I’ve always been curious about the information architecture behind search tools – infrastrucure and alogorithms. As I am not a mathematician or a programmer, some answers can become too complex.
However, I have found a couple of gems about Google. The first takes us back in time to Stanford University and two eager students, Sergey Brin and Larry Page, working on a large-scale prototype search engine. The Anatomy of a Large-Scale Hypertextual Web Search Engine introduced some key ideas that we are now familiar with – but which were revolutionary and which underpin the force of Google today.
Google buys, rather than leases, computer equipment for maximum control over its infrastructure. Google chief executive officer Eric Schmidt defended that strategy in a May 31 call with financial analysts. “We believe we get tremendous competitive advantage by essentially building our own infrastructures,” he said.

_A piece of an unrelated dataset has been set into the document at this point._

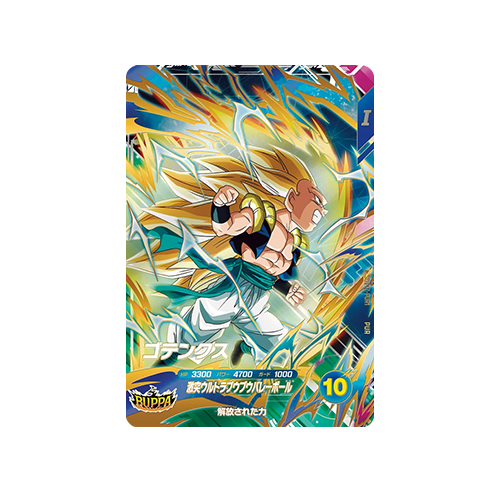 Gotenks SDV12-PUR1 PUR Card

Google does more than simply buy lots of PC-class servers and stuff them in racks, Schmidt said: “We’re really building what we think of internally as supercomputers.”

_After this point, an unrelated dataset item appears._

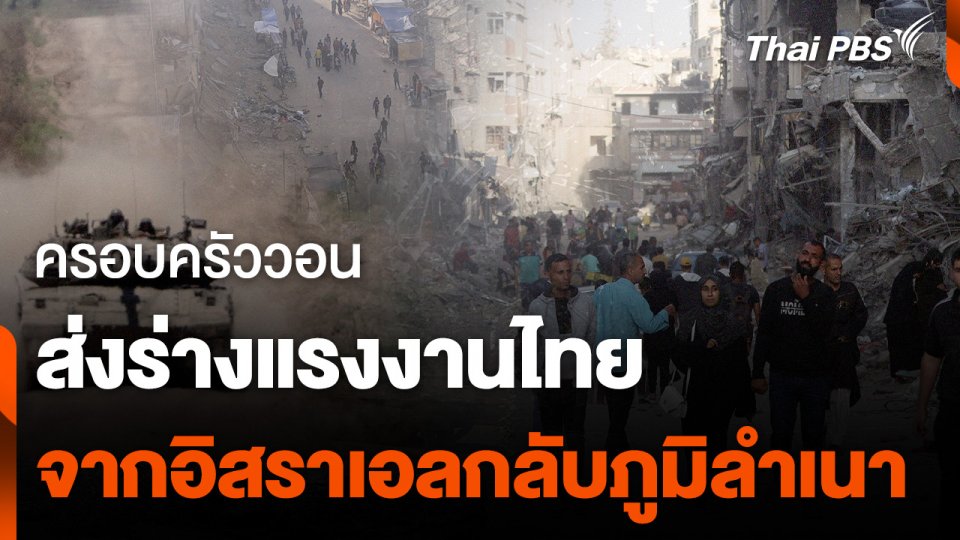 ครอบครัววอนส่งร่างแรงงานไทยจากอิสราเอลกลับภูมิลำเนา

Previous search engines had not analyzed links in the systematic way that Google did – all part of the original ideas of the two young researchers. If you’d like more answers to your question, How Does a Google Query Work, provides a few clues.
But Niall Kennedy, a web technologist has also come to my rescue with his post on Google phrase analysis where he explains that a few more details about Google’s possible analysis of page text is available from a recently published patent application by Googler Anna Patterson from June 2006. The application details how a search engine like Google might analyze text phrases, date-based topics, and associate a web page with related topics, even if the specific topic does not appear in the document itself. The 22-page document further emphasizes Google’s current work on “shingle” analysis to discover important phrases and concepts.
He provides a neat Google search diagram for muggles like me!